There are a myriad of reasons why people ‘fall out of status’ after arriving in Canada. A missing document from an application to extend a work permit, a breakdown in a marriage leading to the withdrawal of a sponsorship application, being provided bad advice from a shady unlicensed consultant, and not having a safe home to return to are just a few of the reasons that have led people to my office. Often, the only option is an application for permanent residence based on humanitarian and compassionate considerations. However, only 13,500 individuals will obtain permanent status in Canada through the ‘H&C program’ this year, and next year, the program is being cut to 8,000 applicants. IRCC does not publish acceptance rates for this program, but they are declining and could be as low as 30%.

Not having status in Canada puts individuals in a precarious position. A lack of employment rights, no access to health care, and being afraid to call the police for help are just a few problems individuals experience.
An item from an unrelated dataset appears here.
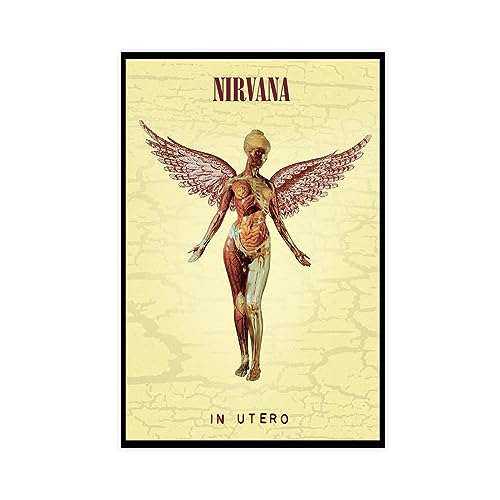 ETOMEY Nirvana In Utero Muziek Album Poster Leinwand Poster Wandkunst Dekor Druck Bild Gemälde für Wohnzimmer Schlafzimmer Dekoration ungerahmt 50 x 75 cm von ETOMEY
Some communities in Canada (Ottawa not being one of them) are known as ‘sanctuary cities’ and have policies that permit individuals to receive local services regardless of immigration status.

However, undocumented individuals are a problem for Canadian society, as well. There’s no way to pay your income taxes when you don’t have a SIN, and your employer pays you in cash!

Recognizing the issues caused by a lack of status, in 2021, the Prime Minister, in his mandate letter to then Minister of Immigration Sean Fraser, instructed IRCC to ‘Build on existing pilot programs to explore further ways of regularizing status for undocumented workers who are contributing to Canadian communities.’ The ‘pilot programs’ mentioned include a current program for construction workers in the Toronto area and a pandemic-era program for healthcare workers. The idea has historical precedence; similar programs have been instituted for failed refugee claimants whom the Canadian government decided not to deport (1994-1997), for individuals who had been in Canada for at least five years (1983-1985) and for those who were economically established (1973).

It is currently unknown what type of program the Canadian government will institute. It could be as limited as expanding the construction workers program to other parts of the country or broader. Advocates and academics are weighing in, trying to influence policymakers.

The Members of Parliament my group of students met with (one Conservative and one NPD) told almost identical stories about attending community events where their constituents expressed concerns about newcomers causing a housing shortage and driving up the cost of living. Neither agreed with these views but recognized that ‘selling’ a policy for undocumented workers would be difficult. These individuals are already housed in Canada and contributing to the shadow economy; regularizing their status would not cause a further strain on the housing market and would allow them to participate in the regulated economy. It’s a win–win situation for Canada and the migrants. However, in today’s political climate, we’ll have to see how far the government Liberals are willing to push the Canadian public.